Scientists predict eruption at St. Helens
Courtesy of USA TODAY

SEATTLE (AP) — The flurry of earthquakes at Mount St. Helens intensified further Thursday, and one scientist put the chance of a small eruption happening in the next few days at 70%.

Jeff Wynn, chief scientist at the U.S. Geologic Survey's Cascade Volcano Observatory in Vancouver, Wash., said tiny quakes were happening three or four times a minute. Larger quakes, with magnitudes of 3 to 3.3, were happening every three or four minutes, he said.
(Related graphic: More on Mount St. Helens)

New measurements show the 975-foot lava dome in the volcano's crater has moved 2.50 inches to the north since Monday, Wynn said.

"Imagine taking a 1,000-foot-high pile of rocks and moving it 2.50 inches. For a geologist, that's a lot of energy," Wynn said.

Wynn estimated there was a 70% chance the activity will result in an eruption.

Click here for the full story.


Mount St. Helens has had a huge impact in my life. The last time it erupted following a 5.1 earthquake, on May 18th, 1980 at 8:32 a.m. (PDT), I was six years old, a couple months shy of turning seven. My parents were working nights on a contract job in a small town near the mountain.

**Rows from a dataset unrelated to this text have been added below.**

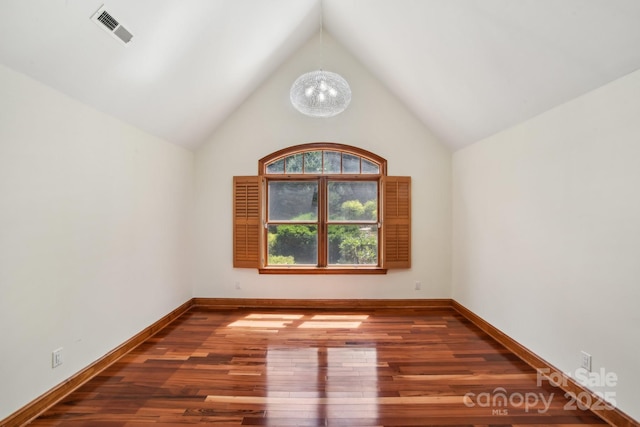 spare room featuring an inviting chandelier, wood finished floors, visible vents, baseboards, and high vaulted ceiling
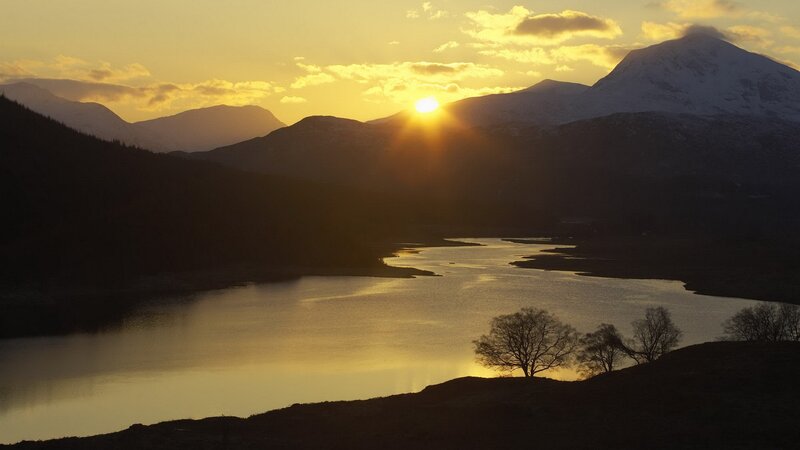 sunset over mountain lake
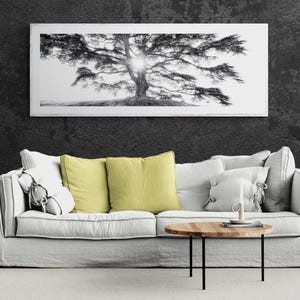 Peut inclure: Un salon moderne avec un canapé gris clair orné de coussins blancs et jaunes. Une table basse ronde en bois avec des pieds noirs est placée devant le canapé. Au-dessus, une grande photographie encadrée en noir et blanc d'un arbre.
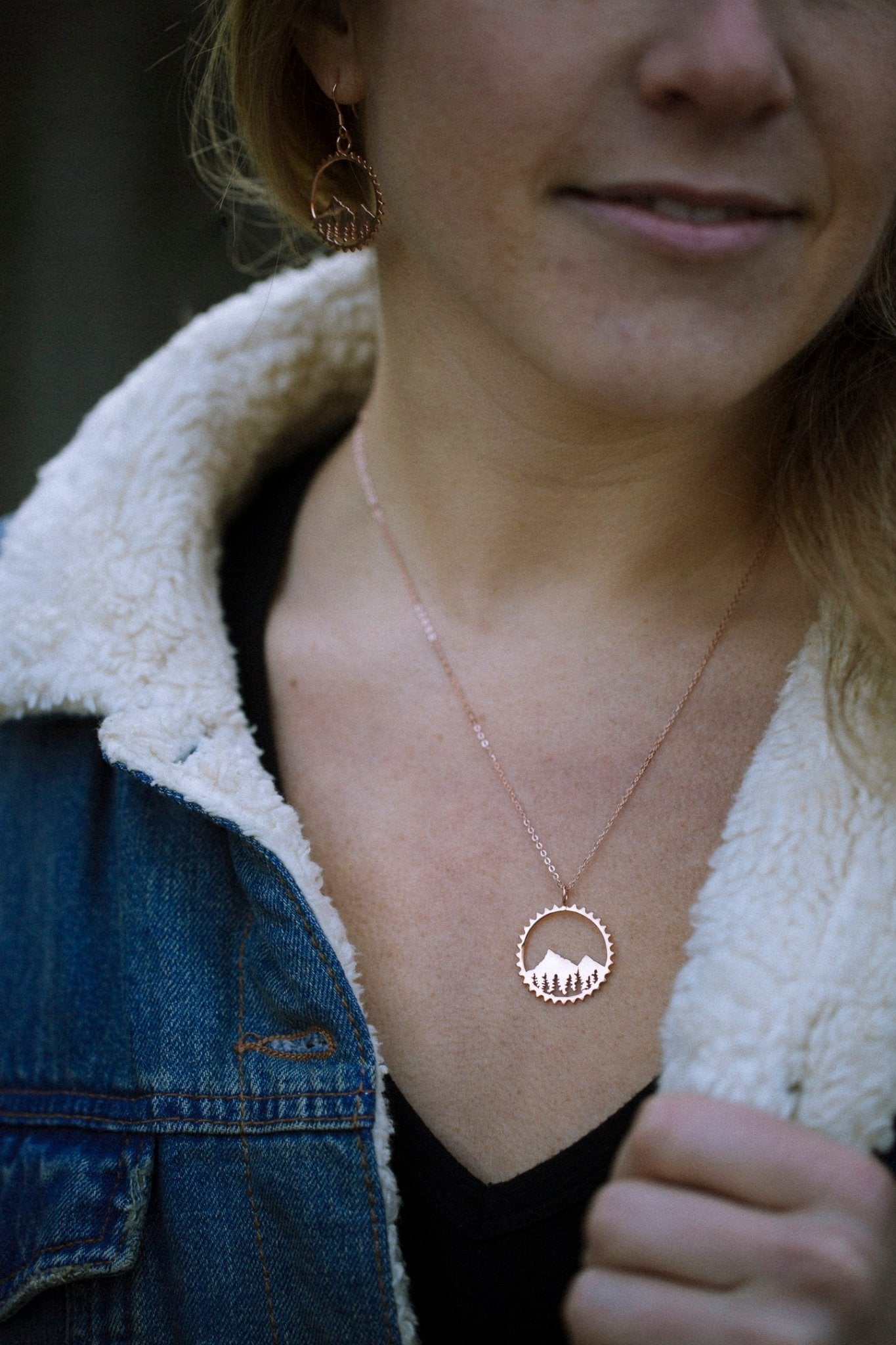 model wearing gold vermeil mountain bike inspired circle pendant necklace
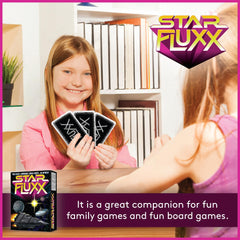 Looney Labs Star Fluxx illustrated playing cards on table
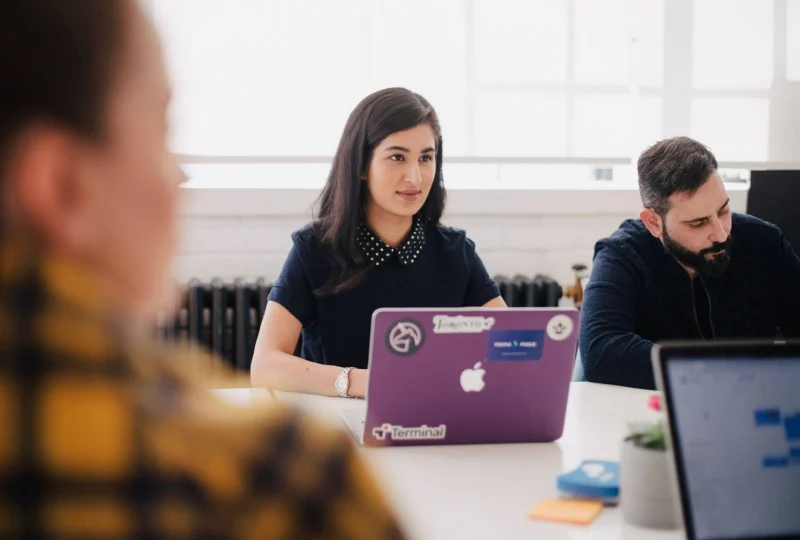 Mujer en una reuni&oacute;n de trabajo frente a un computador port&aacute;til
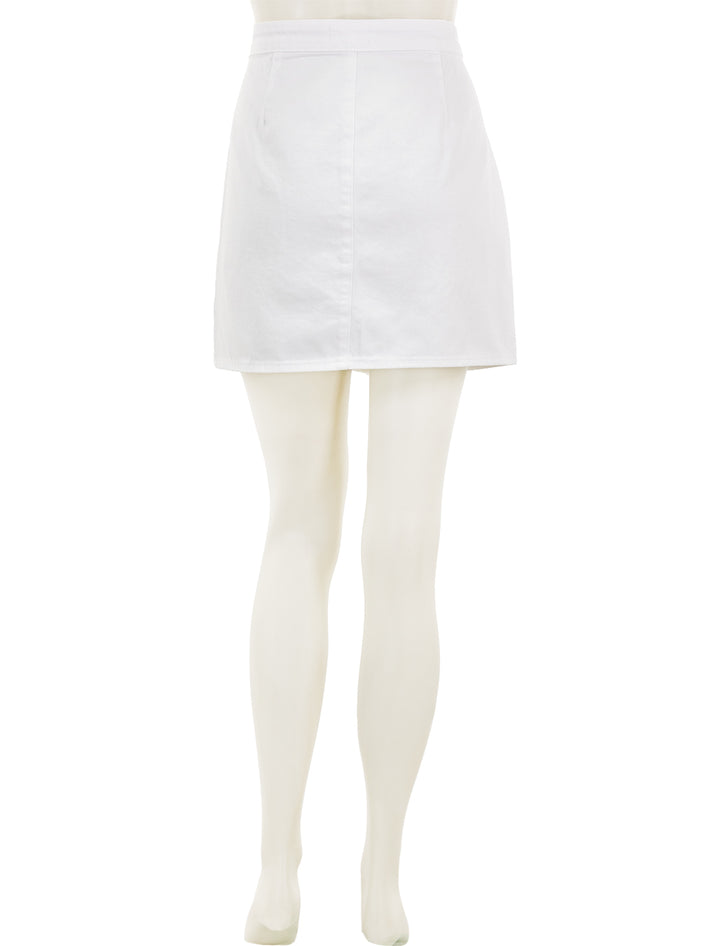 Back view of L'agence's kris button front mini skirt in blanc.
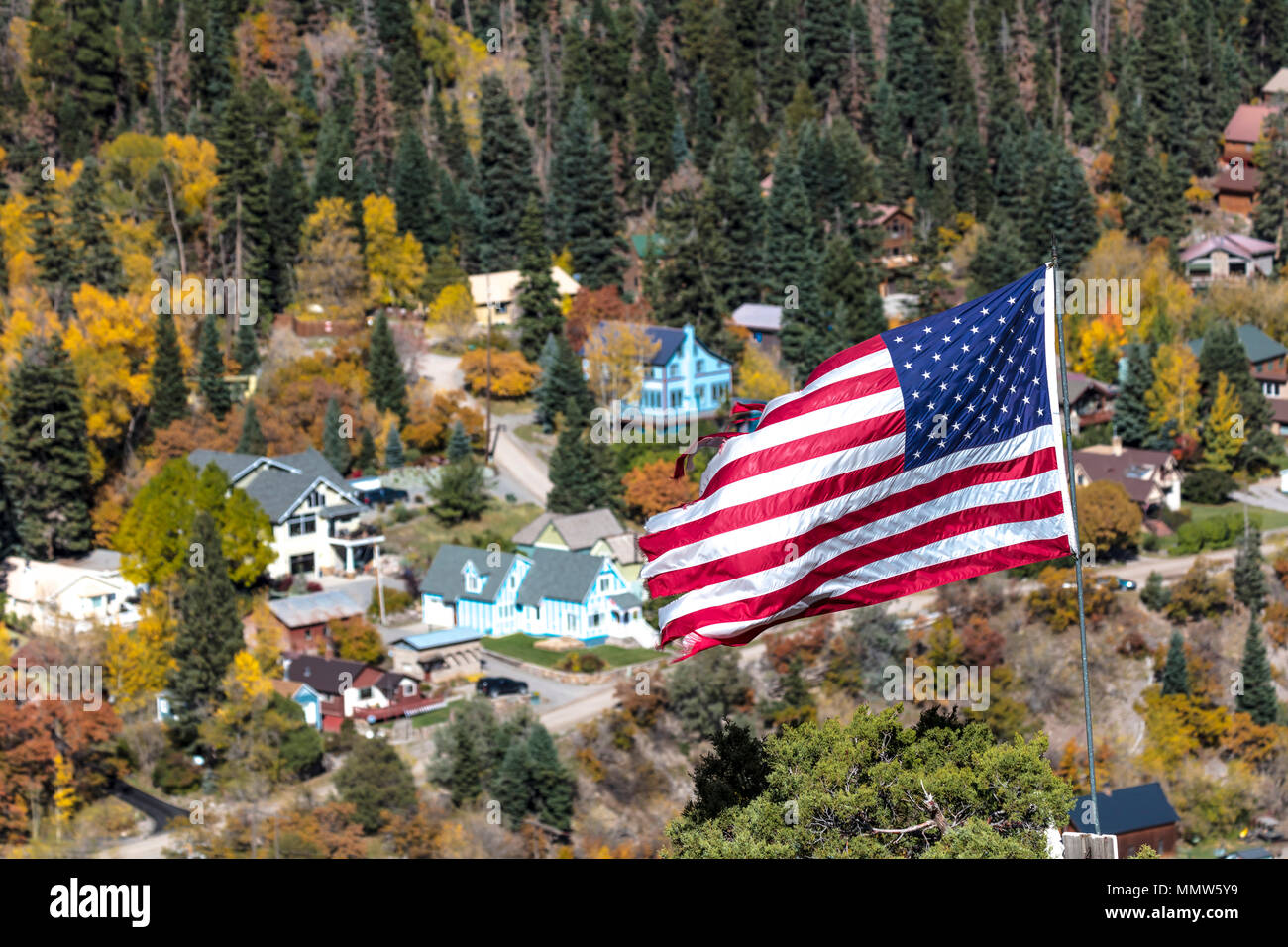OCTOBER 6, 2017 US Flag flies over small town Ouray, Colorado Stock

I remember we were in the car, leaving that morning for home when the mountain erupted. I remember my father, stubborn as always, wasn't going to give up so every few miles we stopped and he refilled the windshield washer fluid. At one point my parents poured coffee from a thermous into the reservoir, having run out of water and everything use useful. Finally the ash had clogged up our engine so bad, we found a garage to fix the problem, and waited out the worst of the falling ash in a nearby restaurant.

Although those are the extent of my childhood memories that day, the mountain had a far greater impact on my family.

Fifty-seven people were killed in that eruption, and twenty-one bodies have never been recovered. My aunt had also been returning home that day when she and my nephew, Ryan, who was just an infant at the time, were involved in a traffic accident as a result of the falling ash. Ryan was one of the fifty-seven people killed that day, and the resulting trauma drove my aunt into a cocaine and alcohol addiction from which she's never recovered.

A friend of my family's, as close to an adopted uncle as one can have, was on top of the mountain that day. When it erupted, he and his friend climbed into a jeep and hurried to make it off the mountain. Our family friend made it, although is friend was killed and is one of the twenty-one missing. To this day he still has that jeep, and refuses to sell it. Who can blame him? That jeep saved his life.

For some, Mount St. Helens is an awesome example of Mother Nature's power. For others, it's a reminder that life is something to be valued and not wasted.

"Even though I walk through the valley of the shadow of death, I will fear no evil, for you are with me." Psalm 23:4a (NIV)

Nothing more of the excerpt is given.